Fourth, we argue that there is a lack of comparative studies in all areas of financial fraud activities across times and sociopolitical environments (Reurink 2018). Toms (2019) offers an excellent historical overview of the financial fraud incidences from around 1720 to 2009, and relates the increase in incidences to the advent of “complex group structures and international capital mobility, and mediated by managerial incentives and ownership concentration” (Toms 2019, p. 477). However, Toms only focuses on financial fraud incidences in the United Kingdom and the United States. Future studies could uncover the occurrence of these types of incidences in other countries and explore whether the relationship evidenced by Toms (2019) is also applicable in those countries. Other country- or region-specific studies could in future offer us novel insights for financial fraud management. Similarly, future studies could build on existing work in the field of comparative political economy and the literature in law and finance (see, for example, La Porta et al 1998; Coffee 2005; Deakin et al 2017) to understand the causal mechanisms between sociopolitical constructs and the incidence and types of fraudulent financial activities. If these causal mechanisms can be understood, this will help regulators and policy makers to reform some institutional elements to detect and prevent such crimes.

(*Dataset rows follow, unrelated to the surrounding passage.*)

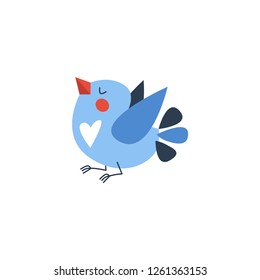 Handdrawn vector kid illustration of blue flying bird isolated on a white background with white heart . Valentine day card 2019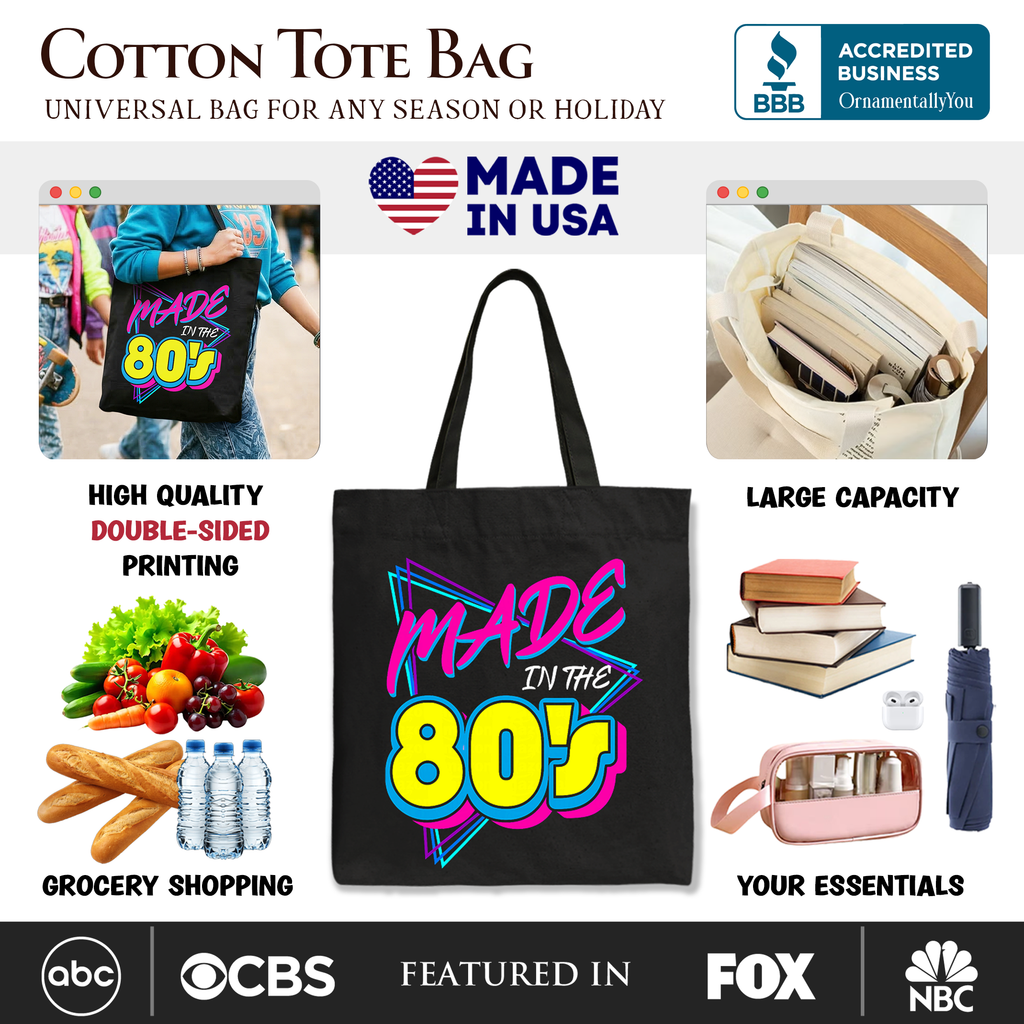 Made In The 80s Neon Retro Tote Bag - Nostalgic Gift for 80s Kids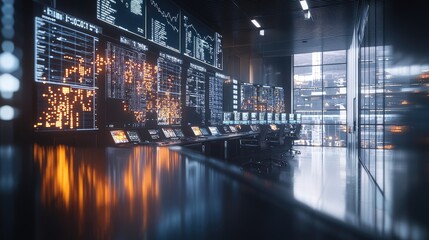 Network operations center displaying real-time data on multiple monitors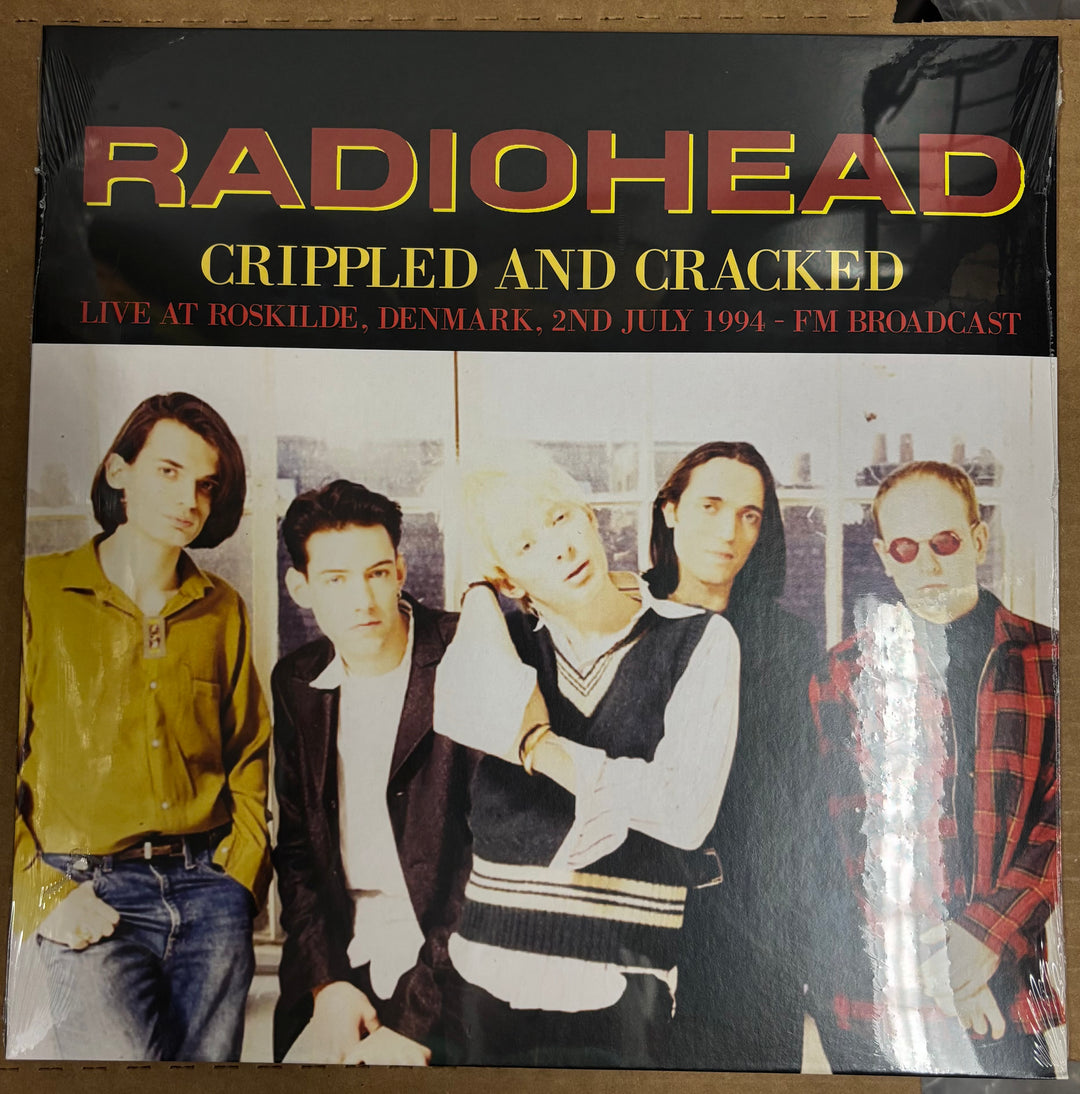 Vinyl record cover for Radiohead's 'Crippled and Cracked' with band members and event details.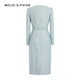 MOJO Mozo 2025 new French elegant A-line dress for women mint green high-waisted slim long-sleeved mid-length dress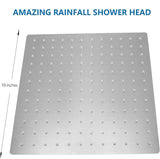 ZNTS Brushed nickel 10" Square Rainfall & High Pressure Stainless Steel Bath Shower head W121960066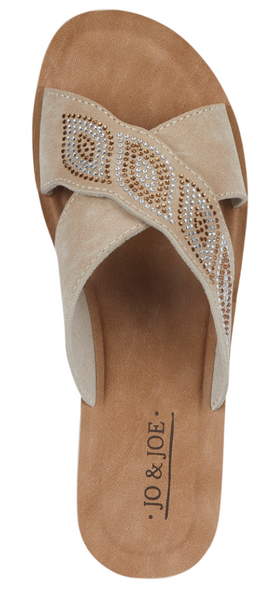 WOMEN EMPRESS Ladies diamante lightweight cross over mule with diamante trim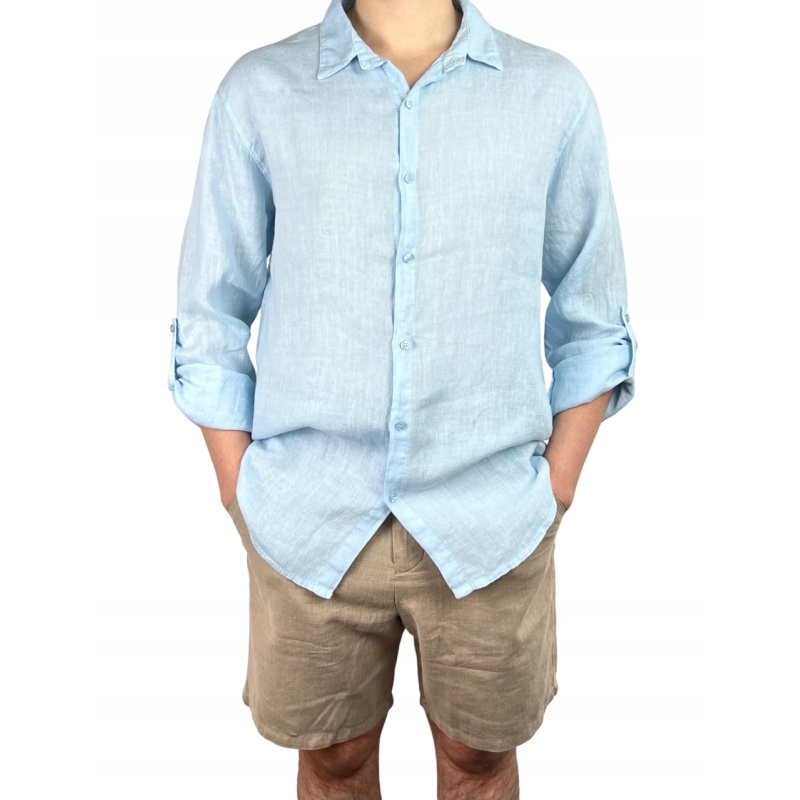 Koszula męska lniana z długim rękawem, rozmiar XL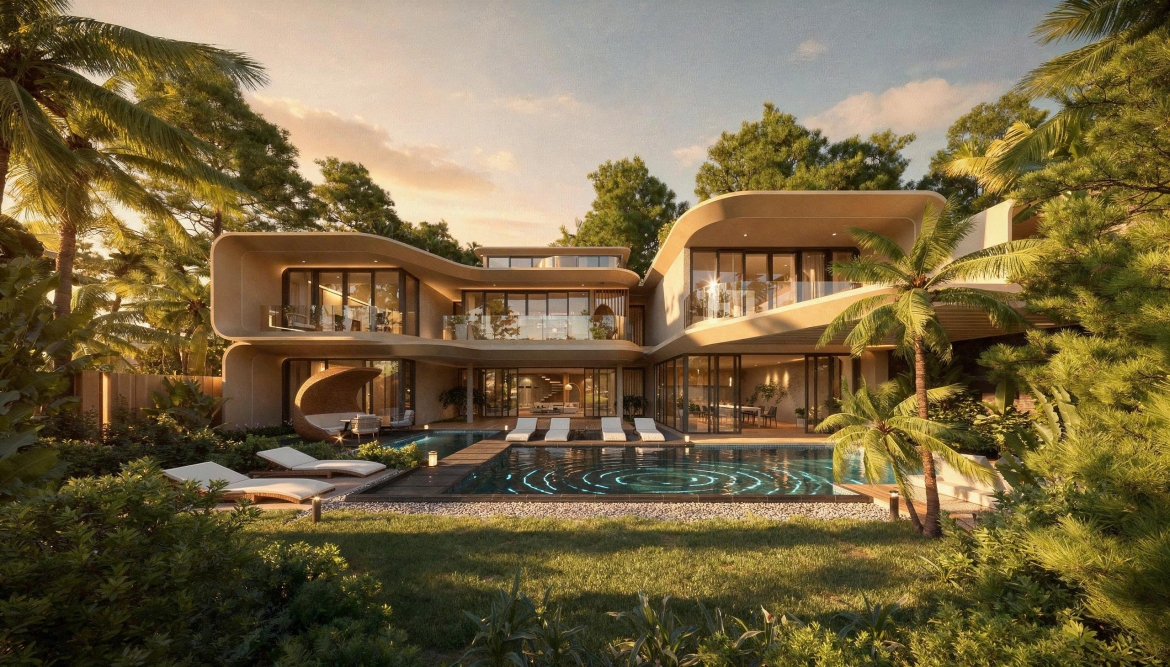 Biệt thự Mey Retreat Bãi Lữ sở hữu không gian sống hài hòa giữa kiến trúc hiện đại và thiên nhiên nguyên bản (Ảnh: Meygroup)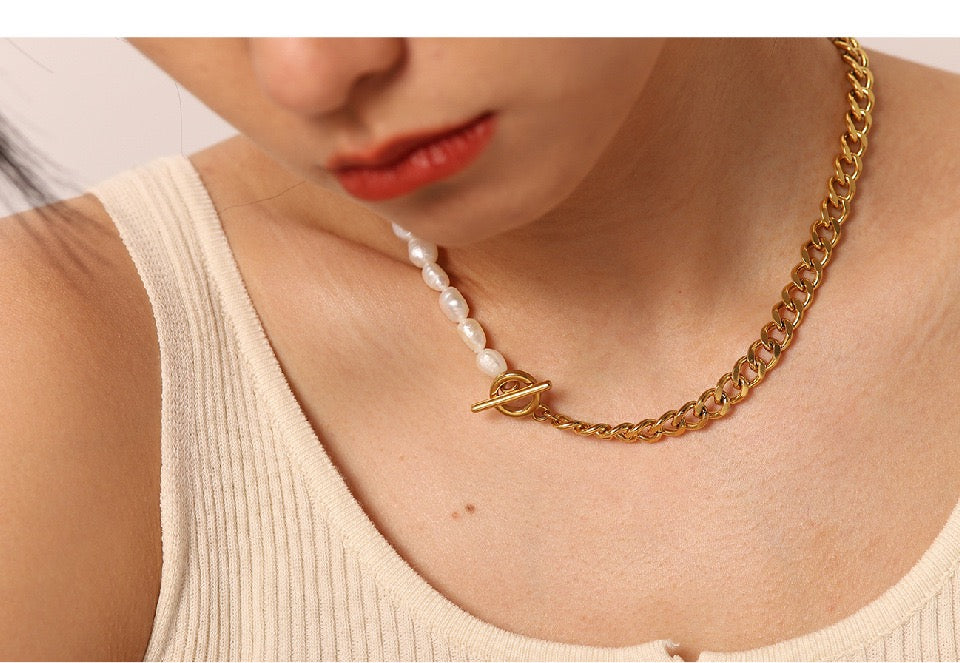 18K Gold Plated - Cuban Link Freshwater Pearl Necklace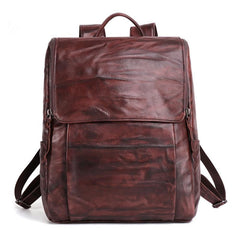 Handmade Cool Leather Men's Backpack Travel Backpack 14inch Computer Backpack For Men - imessengerbags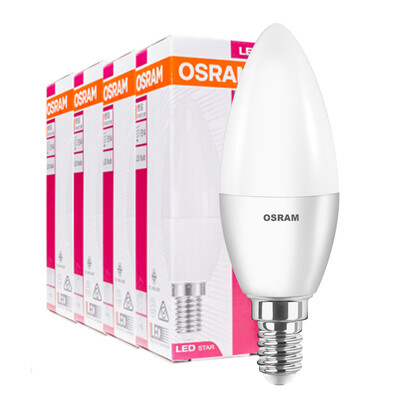 

OSRAM (OSRAM) Светодиодная лампа матовая свеча 3W E14 маленький рот теплый белый желтый только четыре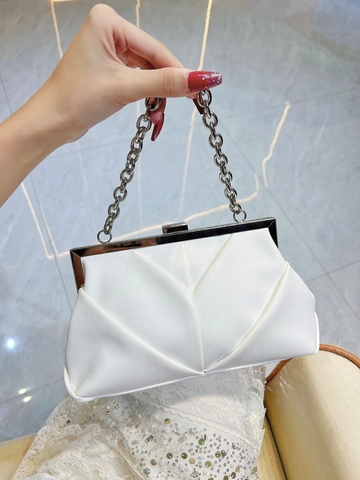 Women Pleated Evening Clutch Bag PU Leather Ruched Cloud Shoulder Bag With Metal Chain For Party Wedding Dinner Elegant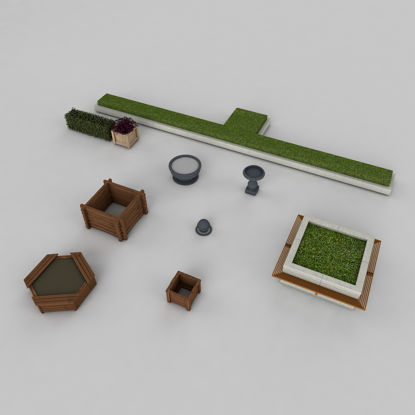 Flower bed kit 3d model
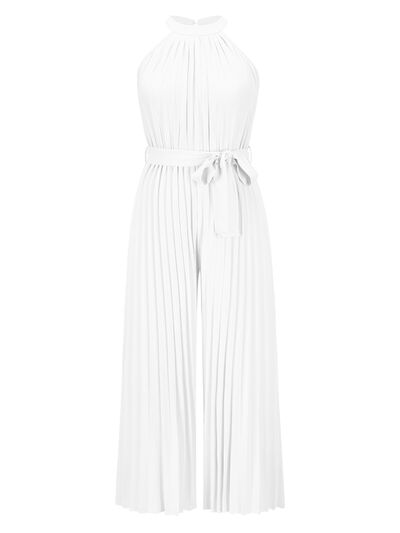 Cutout Tied Pleated Sleeveless Jumpsuit - Loulou Boutique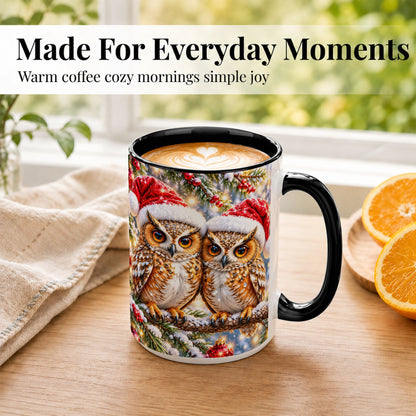 #pl[15oz|Black] Christmas Owl Couple Coffee Mug, Winter Owl Mug, Ceramic Cup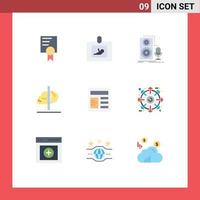 Universal Icon Symbols Group of 9 Modern Flat Colors of document insight mic imagination creativity Editable Vector Design Elements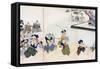 Warlord Watches Samurai Practising their Swordplay (Colour Woodblock Print)-Japanese-Framed Stretched Canvas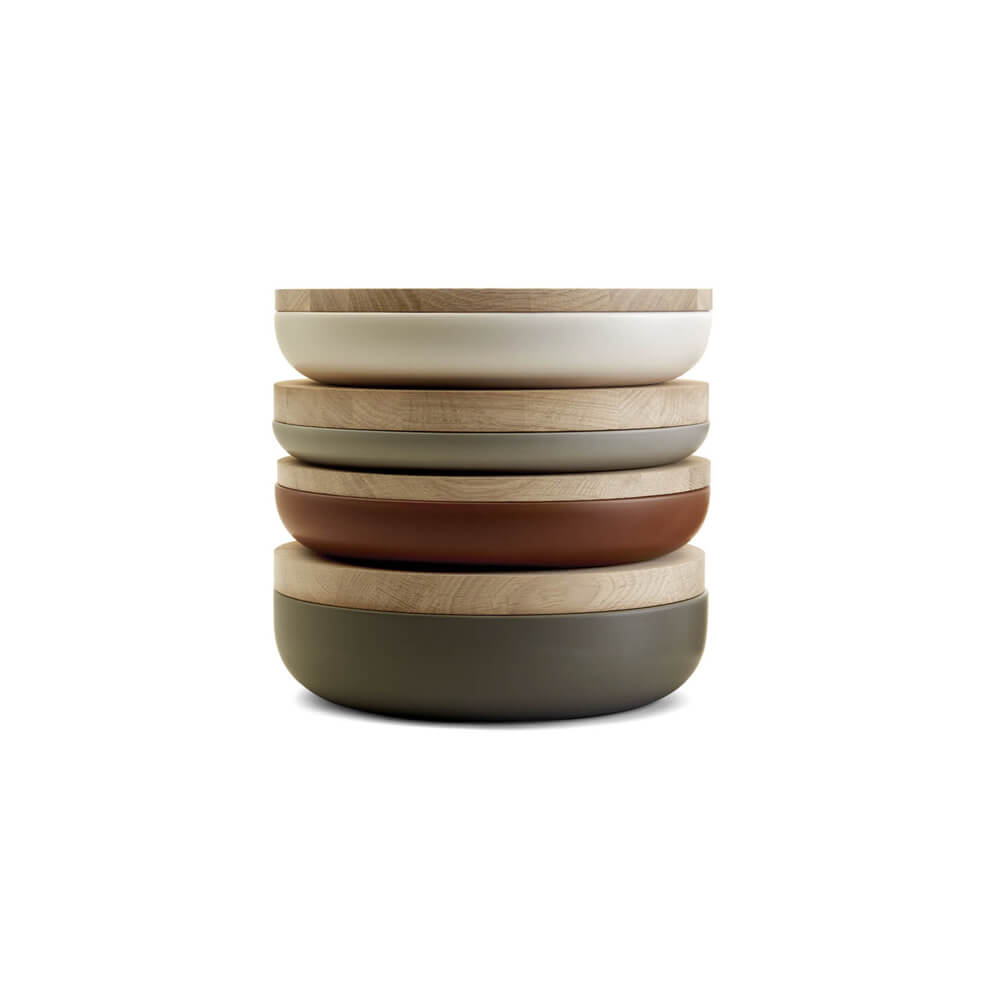 12 Inch Round Wood Tray, Whie Washed Wooden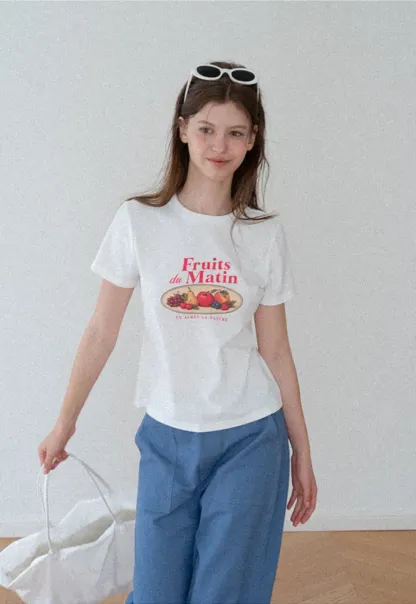 Cropped Graphic Print Tshirt
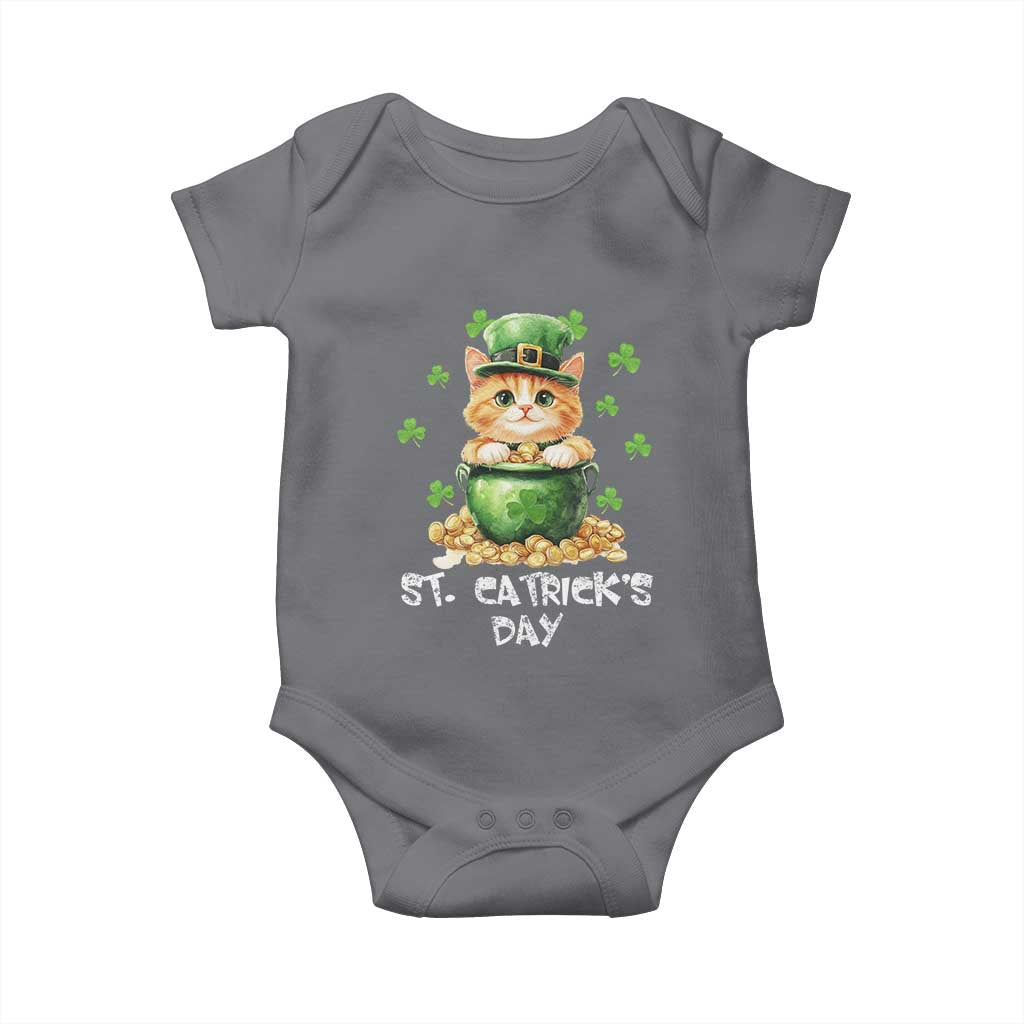 St. Patrick's Day Irish Cat Baby Onesie Kitty Saint Pattys Lucky Shamrocks TS10 Charcoal Print Your Wear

This special issue aims to inspire researchers and practitioners working on financial fraud risk management, and investigates the issues associated with financial fraud risks and how they are affected by sociopolitical context as well as how they impact on financial stability. Toward this end, we have brought together three papers examining three different issues relating to financial fraud risks. These papers include insights, tools and strategies for the detection and prevention of financial fraud activities. In addition to these contributions to the literature, we are eager to push the case for multidisciplinary research to develop and build on the existing literature to expand our understanding of the management of financial fraud risks and the greater role that this can play in maintaining financial stability. We hope that in this respect some of the heuristics and literature identified here as future research directions will support researchers and practitioners to realize this aspiration.
The authors report no conflicts of interest. The authors alone are responsible for the content and writing of the paper.